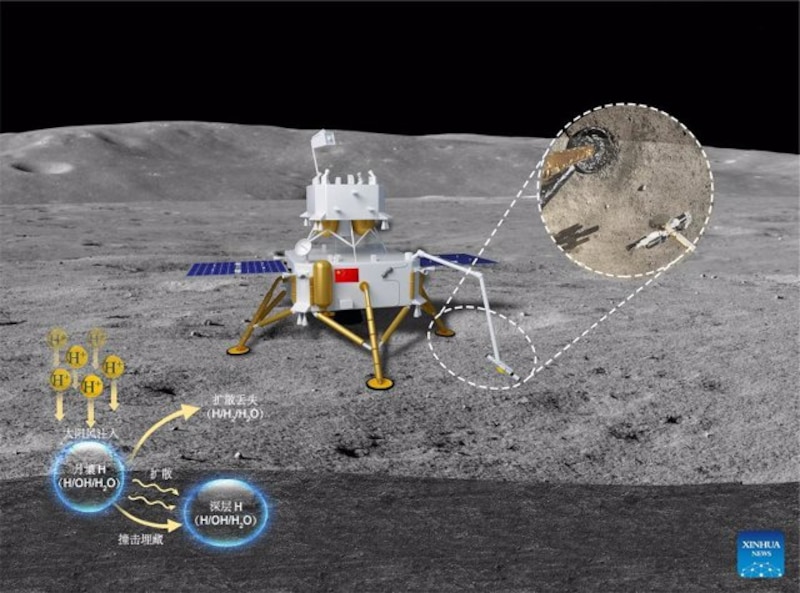 China's Chang'e-4 probe finds water on the moon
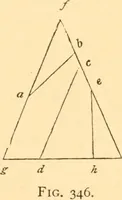 Picture 250 of 325 from The American house carpenter. A treatise on the art of building. Comprising styles of architecture, strength of materials, and the theory and practice of the construction of floors, framed girders, roof trusses, rolled-iron beams, tubular-iron girders, cast-iron girders, stairs, doors, windows, mouldings, and cornices; together with a compend of mathematics. A manual for the practical use of architects, carpenters, stair-builders, and others (1880), leaf 590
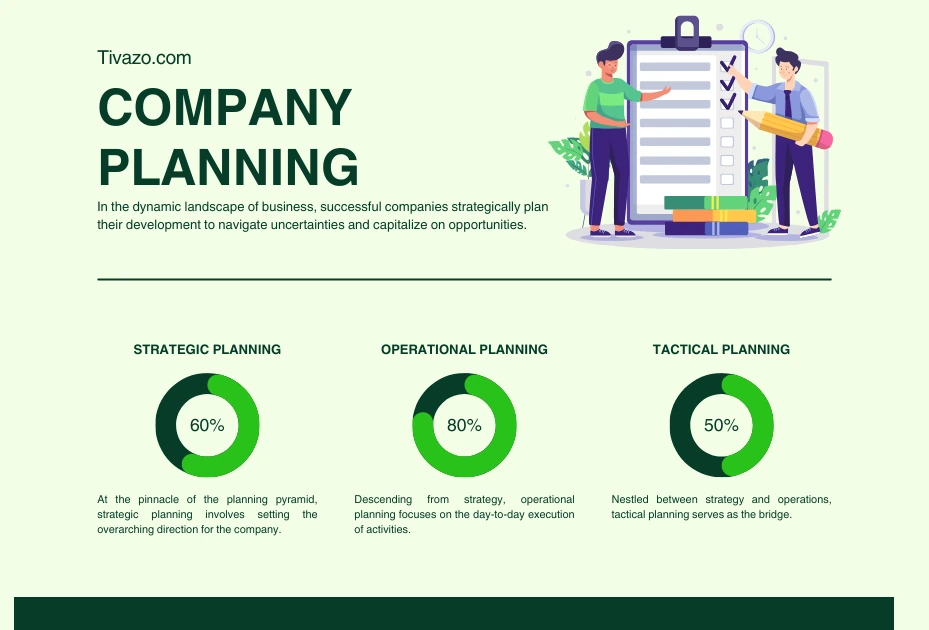 a picture of Advantages of Proper Time Management Applications 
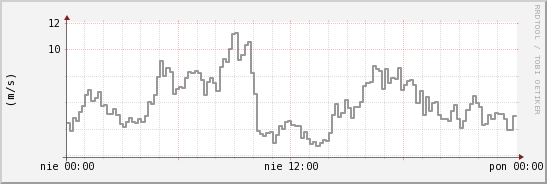 wykres przebiegu zmian średnia prędkość wiatru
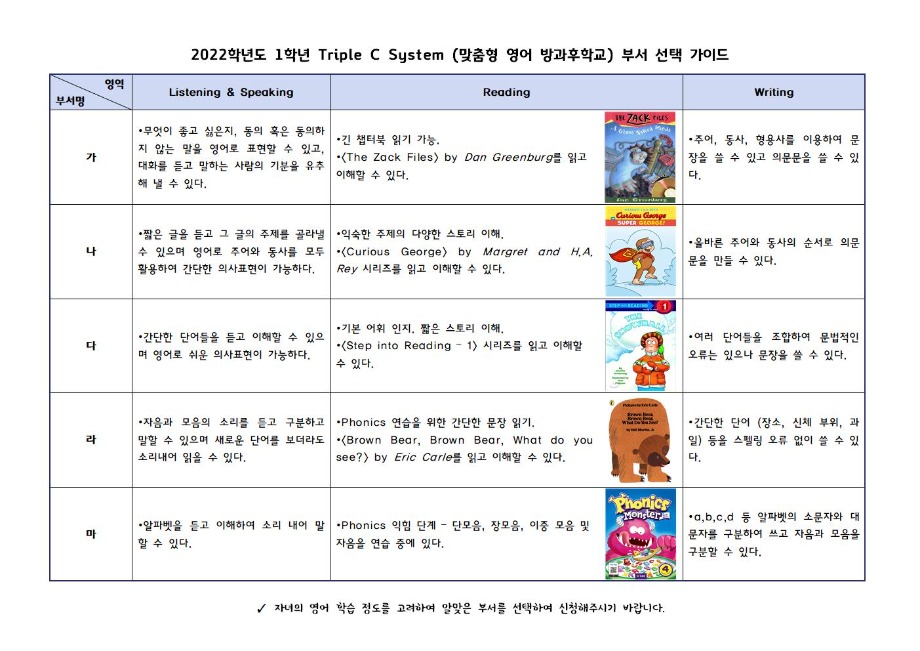 [가정통신]2022학년도1학년(신입생) Triple C system신청안내002.jpg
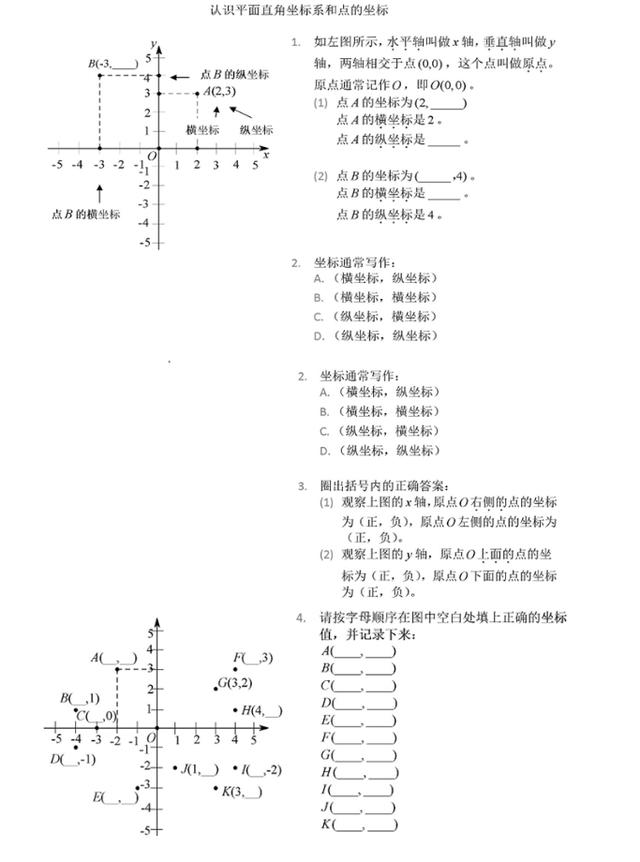 初一下册 平面直角坐标系 考试再也不用担心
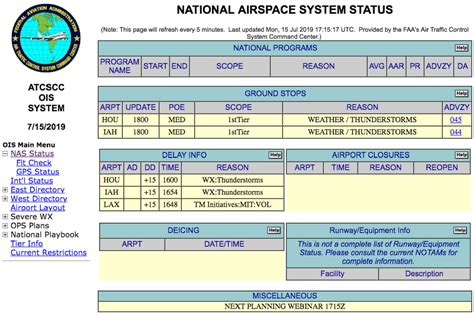 Operational Information System Ois Nbaa National Business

○ ○ ○ ○ ○

Return each entry above unchanged. Leave the pictures out.

 China's Chang'e-4 probe finds water on the moon
 Picture 250 of 325 from The American house carpenter. A treatise on the art of building. Comprising styles of architecture, strength of materials, and the theory and practice of the construction of floors, framed girders, roof trusses, rolled-iron beams, tubular-iron girders, cast-iron girders, stairs, doors, windows, mouldings, and cornices; together with a compend of mathematics. A manual for the practical use of architects, carpenters, stair-builders, and others (1880), leaf 590
 a picture of Advantages of Proper Time Management Applications 
 wykres przebiegu zmian średnia prędkość wiatru
 [가정통신]2022학년도1학년(신입생) Triple C system신청안내002.jpg
 初一下册 平面直角坐标系 考试再也不用担心
 Operational Information System Ois Nbaa National Business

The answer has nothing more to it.